Masalahnya, Tim Nick merupakan tim yang diunggulkan di kelompok 6. Tim unggulan ke 2 adalah Tim Orian.


Sedangkan Tim Brian Darel adalah tim yang tidak dikenal, tim yang anak-anaknya baru muncul di kanca turnamen, sehingga banyak orang tidak mengunggulkannya.


Namun ekspektasi mereka ternyata salah besar. Terbukti Tim Brian Darel dapat mengalahkan Tim Nick dengan telak. Bahkan keluar sebagai juara kelompok 6.


Kembali ke pertarungan....


Di penghujung jurus ke 2 Nick sudah terdesak. Dia lebih banyak menangkis daripada balas menyerang. Begitu baru memasuki jurus ke 3 dia semakin terdesak, bahkan terdesak hebat.


Pukulan dan tendangan Dhafin semakin sering bersarang di tubuhnya sehingga membuatnya sempoyongan.


Dughk!


Bughk!


"Akh!"


Untuk kesekian kalinya telapak tangan kanan Dhafin telak menghantam dada kiri Nick dengan keras. Lalu menyusul tinju kiri Dhafin juga telak menghantam rusuk kiri Nick. Sehingga membuat Nick terjajar limbung ke belakang beberapa langkah sambil meringis kesakitan.


Tak mau memberi kesempatan, Dhafin mengejar Nick. Begitu sudah berada dalam jangkauan serangan, Dhafin langsung melenting sedikit ke udara sambil memutar badan berikut kaki kanan melayang berputar.


Sementara keadaan Nick sudah cukup kacau. Sehingga serangan Dhafin berupa tendangan terputar seakan tak dihiraukan, lebih tepatnya seperti kurang menyadari kedatangan serangan itu.


Sehingga tendangan terputar yang cepat itu telak dan kuat menghantam samping kanan kepala Nick.


Desss!


"Akh...!"


Kini tubuh Nick bukan lagi sempoyongan, melainkan melintir jatuh ke samping kirinya sambil menjerit kecil. Dan begitu jatuh ke lantai matras menimbulkan bunyi gedebuk yang cukup keras.


Sementara Dhafin tidak lagi menyerang, berdiam saja di tempat berdirinya sambil memperhatikan Nick yang masih tertelungkup diam. Namun tak lama tubuh Nick berbalik menelentang tapi belum bisa bangkit.


Tampak hakim wasit datang menghampiri Nick dengan langkah cepat. Begitu mengamati kondisi Nick yang masih saja diam, maka dia menyatakan Nick telah kalah dengan telak, dan Dhafin sebagai pemenangnya.


Seketika saja para penonton pendukung Tim Brian Darel langsung bertepuk tangan sambil bersorak kegirangan.
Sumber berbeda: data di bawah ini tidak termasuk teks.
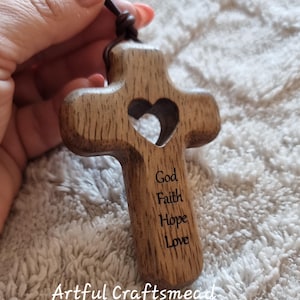 Könnte beinhalten: Holz-Kreuz-Anhänger mit herzförmigem Ausschnitt und den eingravierten Worten "Gott, Glaube, Hoffnung, Liebe". Es hängt an einer braunen Lederschnur. Der Text "Artful Craftsmead" befindet sich unten.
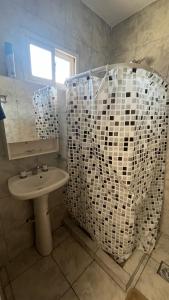 a bathroom with a sink and a white shower at Maximina Home in Comodoro Rivadavia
Langsung terpancar kegembiraan di wajah-wajah mereka karena tim yang mereka unggulkan menang dengan telak melawan Tim Nick Lemuel.


Dan pertarungan Dhafin ini merupakan pertarungan yang tercepat sepanjang babak penyisihan. Sementara tim-tim lain masih saja berlaga di arenanya masing-mading.